Caption-style text data:
-----
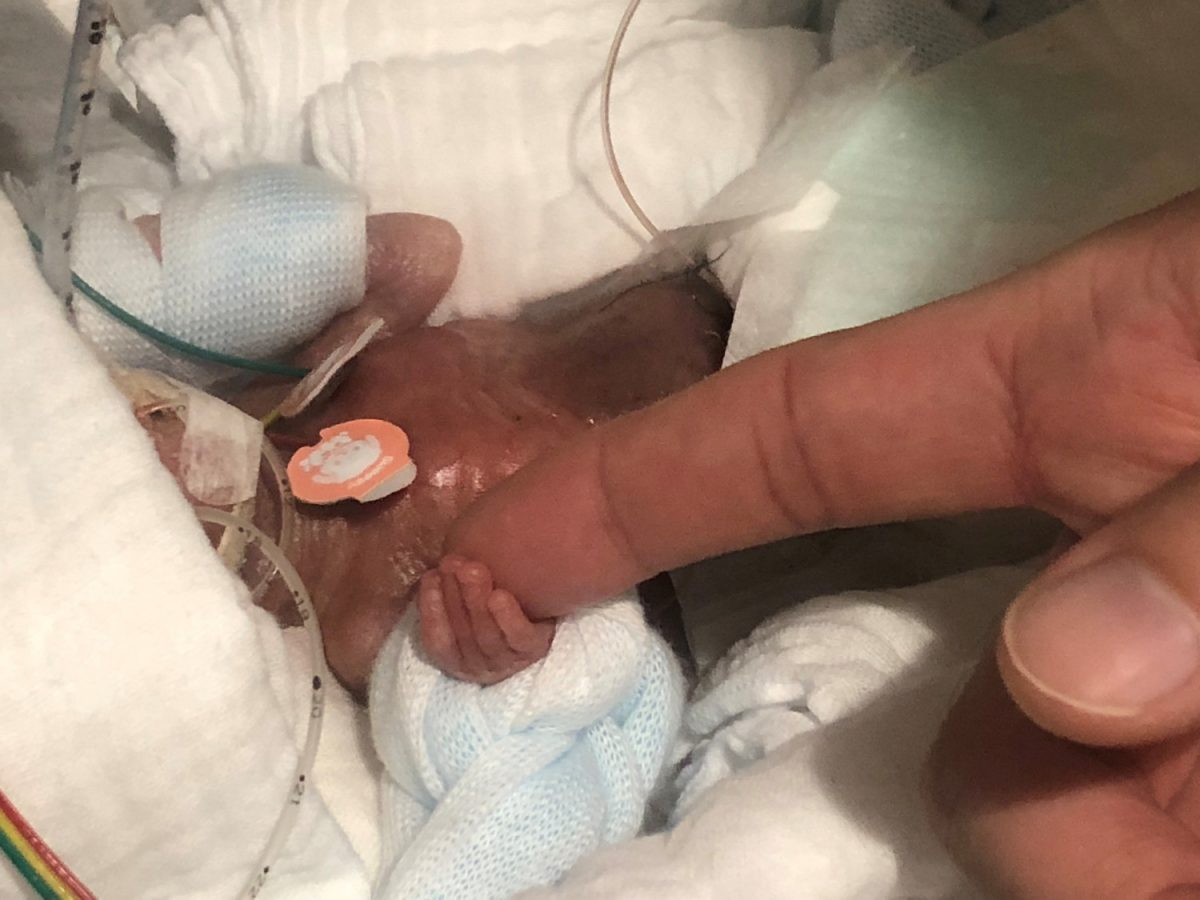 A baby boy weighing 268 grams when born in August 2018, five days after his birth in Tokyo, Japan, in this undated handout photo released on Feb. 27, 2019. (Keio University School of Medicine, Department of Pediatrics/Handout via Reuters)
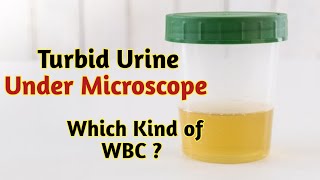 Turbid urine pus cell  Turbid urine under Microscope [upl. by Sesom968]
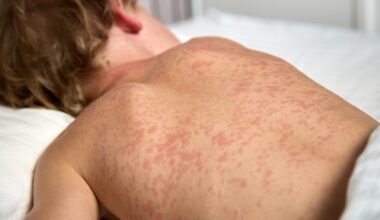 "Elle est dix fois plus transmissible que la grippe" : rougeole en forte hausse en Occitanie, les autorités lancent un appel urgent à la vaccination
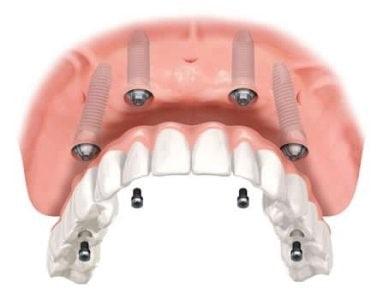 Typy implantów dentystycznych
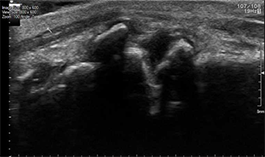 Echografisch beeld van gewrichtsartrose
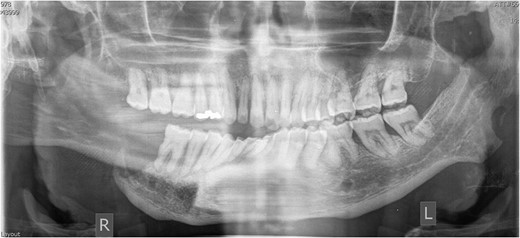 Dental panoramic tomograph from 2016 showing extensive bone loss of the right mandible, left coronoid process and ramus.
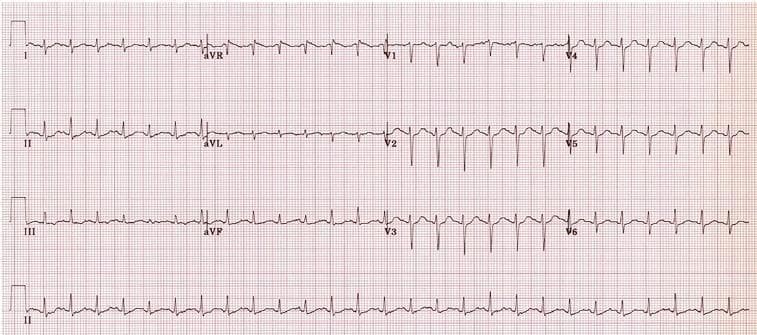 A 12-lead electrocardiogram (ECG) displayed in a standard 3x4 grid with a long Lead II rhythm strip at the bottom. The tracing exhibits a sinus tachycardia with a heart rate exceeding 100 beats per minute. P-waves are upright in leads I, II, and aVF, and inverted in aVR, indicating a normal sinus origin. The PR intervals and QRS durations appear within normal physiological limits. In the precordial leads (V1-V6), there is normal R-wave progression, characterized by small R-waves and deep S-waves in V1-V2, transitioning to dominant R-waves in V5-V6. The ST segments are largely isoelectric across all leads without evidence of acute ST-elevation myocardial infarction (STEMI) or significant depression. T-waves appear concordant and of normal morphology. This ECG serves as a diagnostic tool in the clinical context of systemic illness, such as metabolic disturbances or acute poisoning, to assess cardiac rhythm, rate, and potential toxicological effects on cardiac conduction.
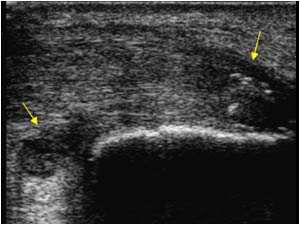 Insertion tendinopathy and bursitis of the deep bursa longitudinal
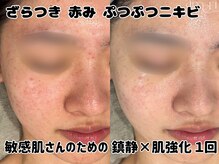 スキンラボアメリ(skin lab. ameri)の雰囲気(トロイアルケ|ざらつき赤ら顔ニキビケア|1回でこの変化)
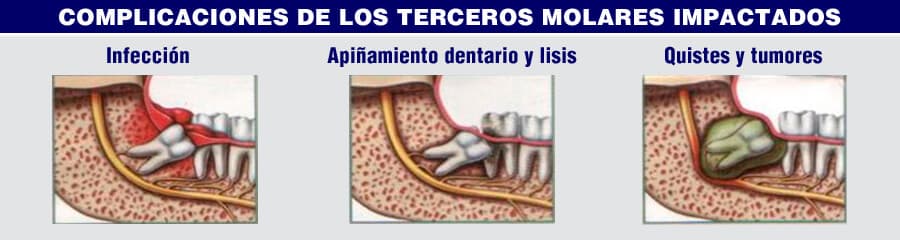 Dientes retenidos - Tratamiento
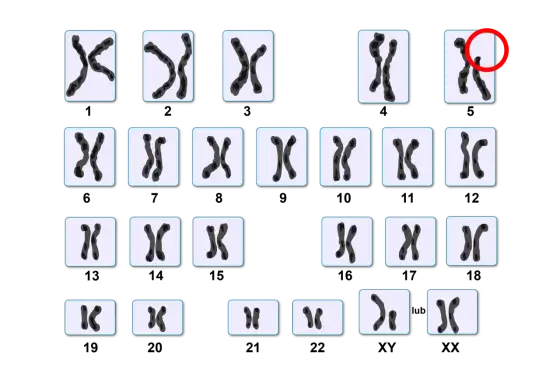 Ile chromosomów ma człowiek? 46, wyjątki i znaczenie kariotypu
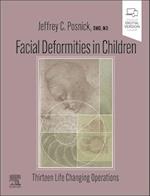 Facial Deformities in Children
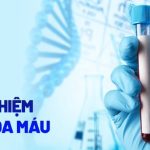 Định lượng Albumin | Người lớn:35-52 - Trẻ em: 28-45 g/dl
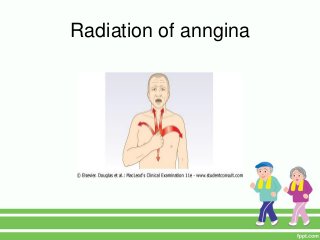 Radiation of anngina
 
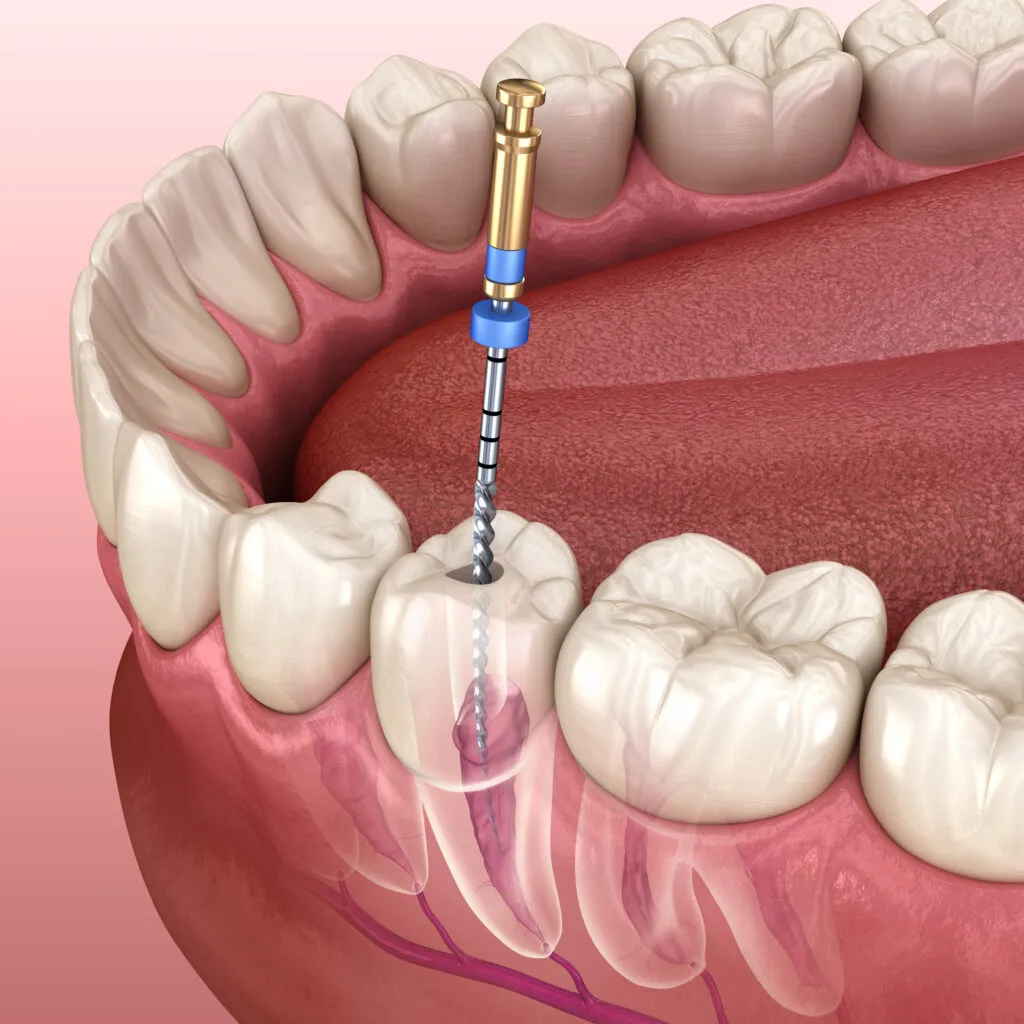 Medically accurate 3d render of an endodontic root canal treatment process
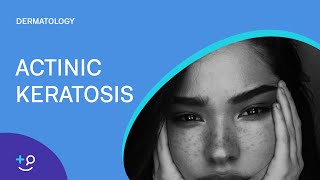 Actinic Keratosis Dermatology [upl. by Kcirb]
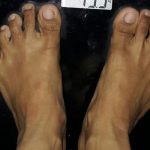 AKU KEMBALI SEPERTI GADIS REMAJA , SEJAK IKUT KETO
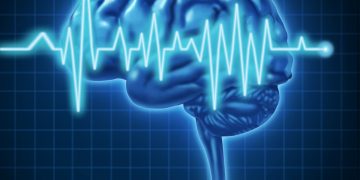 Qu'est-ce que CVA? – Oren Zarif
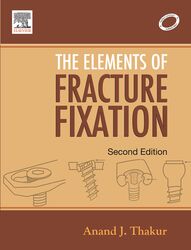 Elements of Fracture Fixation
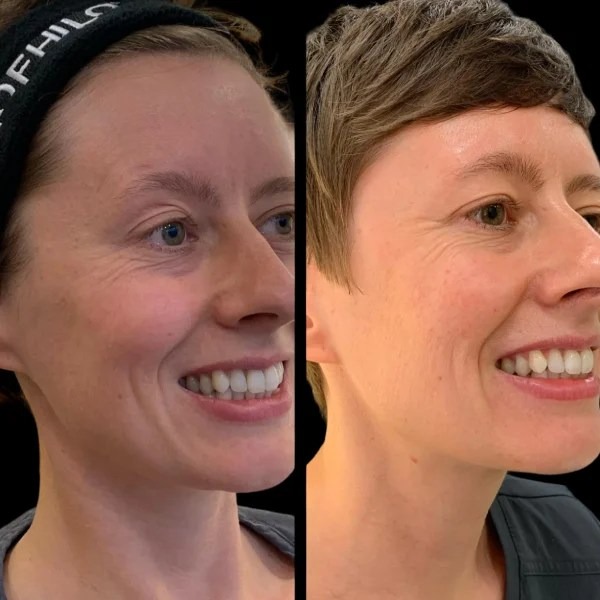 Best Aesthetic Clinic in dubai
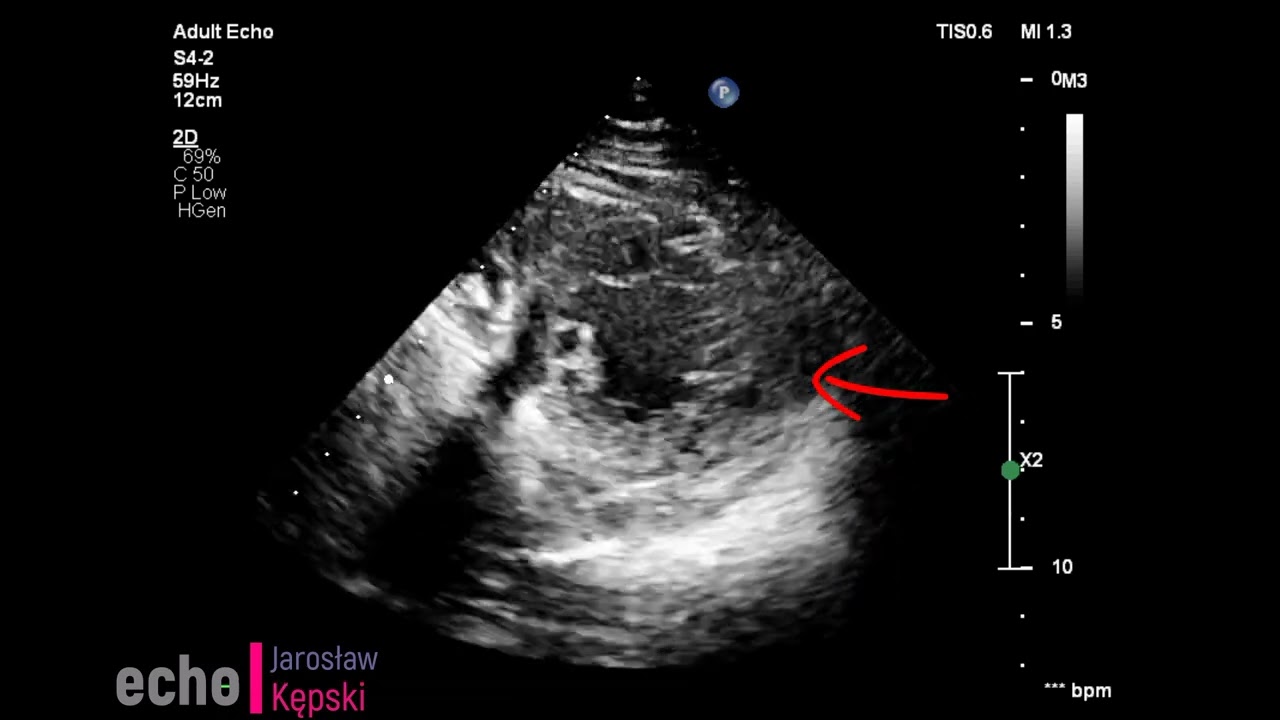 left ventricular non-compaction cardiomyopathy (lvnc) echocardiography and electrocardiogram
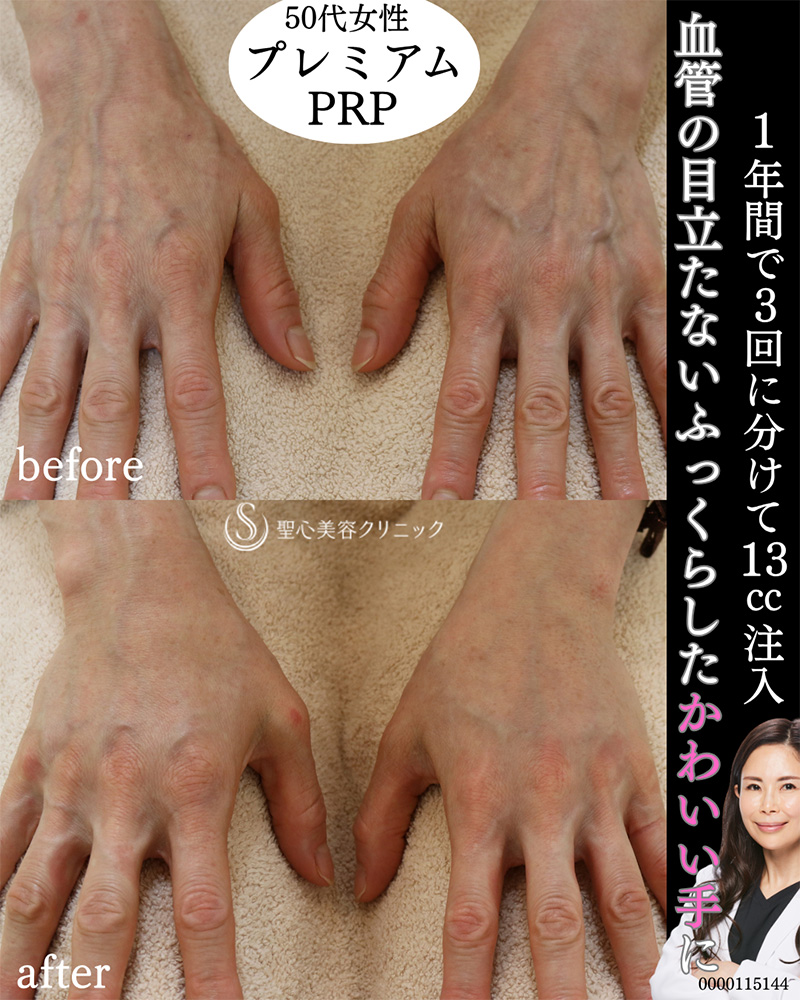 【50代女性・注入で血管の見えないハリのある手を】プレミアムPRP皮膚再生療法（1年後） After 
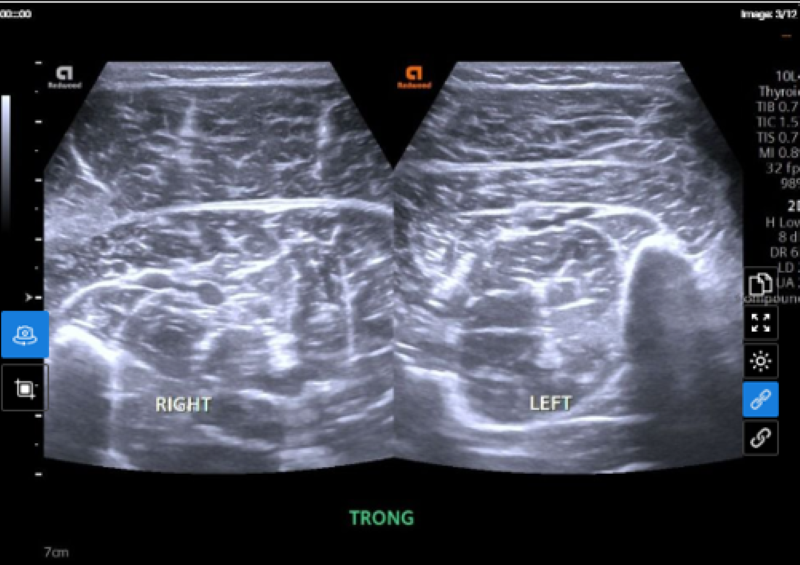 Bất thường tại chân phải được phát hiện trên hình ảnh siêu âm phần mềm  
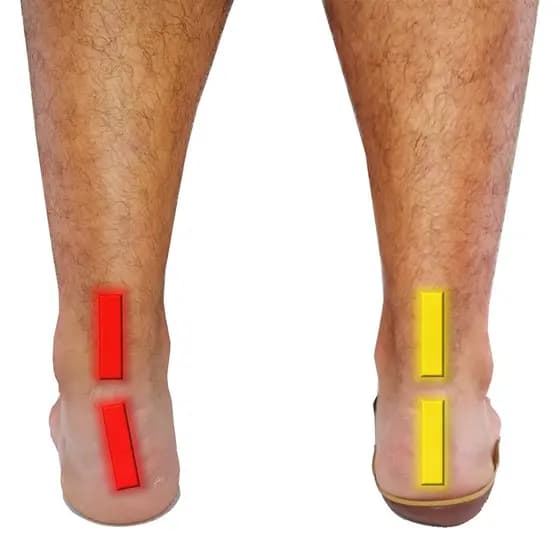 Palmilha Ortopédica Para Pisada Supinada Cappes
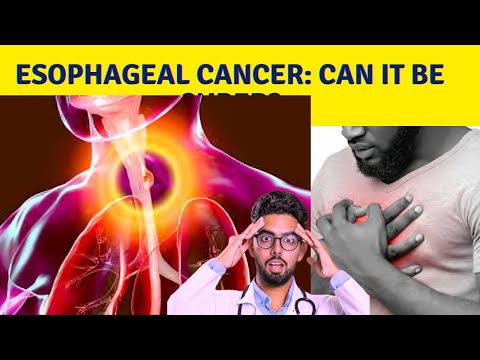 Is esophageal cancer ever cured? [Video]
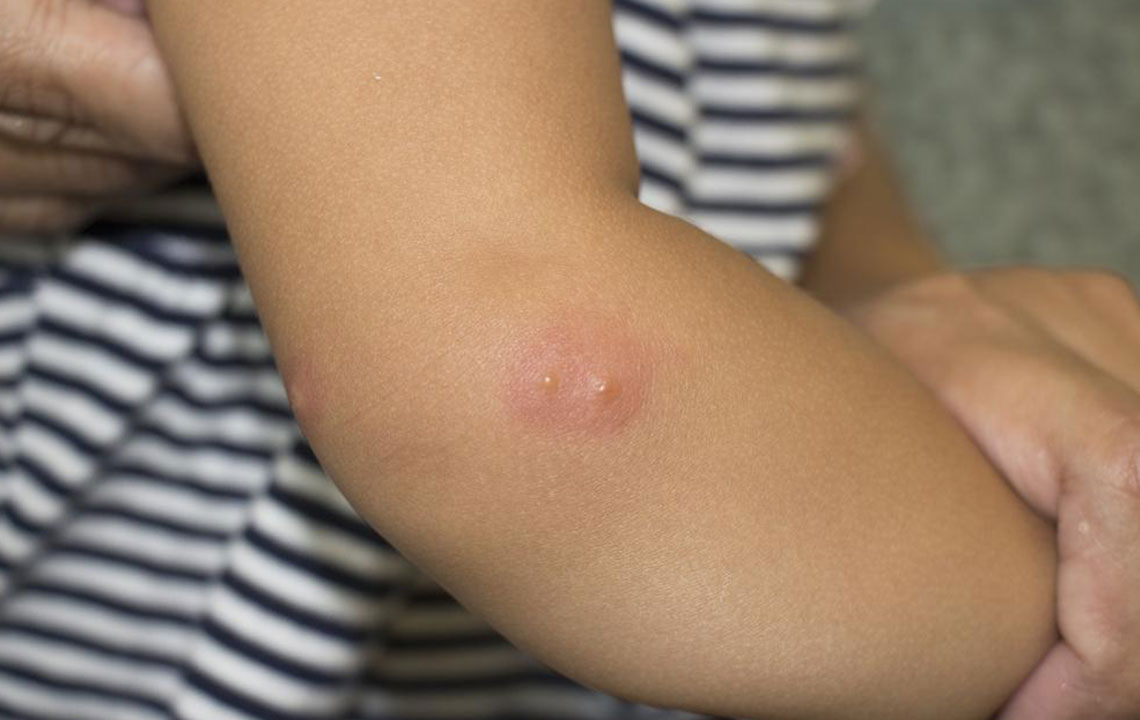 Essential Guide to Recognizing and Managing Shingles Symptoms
-----
Would you copy out every line of the data above exactly, minus the pictures?

Expected answer —
 A baby boy weighing 268 grams when born in August 2018, five days after his birth in Tokyo, Japan, in this undated handout photo released on Feb. 27, 2019. (Keio University School of Medicine, Department of Pediatrics/Handout via Reuters)
 Turbid urine pus cell  Turbid urine under Microscope [upl. by Sesom968]
 "Elle est dix fois plus transmissible que la grippe" : rougeole en forte hausse en Occitanie, les autorités lancent un appel urgent à la vaccination
 Typy implantów dentystycznych
 Echografisch beeld van gewrichtsartrose
 Dental panoramic tomograph from 2016 showing extensive bone loss of the right mandible, left coronoid process and ramus.
 A 12-lead electrocardiogram (ECG) displayed in a standard 3x4 grid with a long Lead II rhythm strip at the bottom. The tracing exhibits a sinus tachycardia with a heart rate exceeding 100 beats per minute. P-waves are upright in leads I, II, and aVF, and inverted in aVR, indicating a normal sinus origin. The PR intervals and QRS durations appear within normal physiological limits. In the precordial leads (V1-V6), there is normal R-wave progression, characterized by small R-waves and deep S-waves in V1-V2, transitioning to dominant R-waves in V5-V6. The ST segments are largely isoelectric across all leads without evidence of acute ST-elevation myocardial infarction (STEMI) or significant depression. T-waves appear concordant and of normal morphology. This ECG serves as a diagnostic tool in the clinical context of systemic illness, such as metabolic disturbances or acute poisoning, to assess cardiac rhythm, rate, and potential toxicological effects on cardiac conduction.
 Insertion tendinopathy and bursitis of the deep bursa longitudinal
 スキンラボアメリ(skin lab. ameri)の雰囲気(トロイアルケ|ざらつき赤ら顔ニキビケア|1回でこの変化)
 Dientes retenidos - Tratamiento
 Ile chromosomów ma człowiek? 46, wyjątki i znaczenie kariotypu
 Facial Deformities in Children
 Định lượng Albumin | Người lớn:35-52 - Trẻ em: 28-45 g/dl
 Radiation of anngina
 
 Medically accurate 3d render of an endodontic root canal treatment process
 Actinic Keratosis Dermatology [upl. by Kcirb]
 AKU KEMBALI SEPERTI GADIS REMAJA , SEJAK IKUT KETO
 Qu'est-ce que CVA? – Oren Zarif
 Elements of Fracture Fixation
 Best Aesthetic Clinic in dubai
 left ventricular non-compaction cardiomyopathy (lvnc) echocardiography and electrocardiogram
 【50代女性・注入で血管の見えないハリのある手を】プレミアムPRP皮膚再生療法（1年後） After 
 Bất thường tại chân phải được phát hiện trên hình ảnh siêu âm phần mềm  
 Palmilha Ortopédica Para Pisada Supinada Cappes
 Is esophageal cancer ever cured? [Video]
 Essential Guide to Recognizing and Managing Shingles Symptoms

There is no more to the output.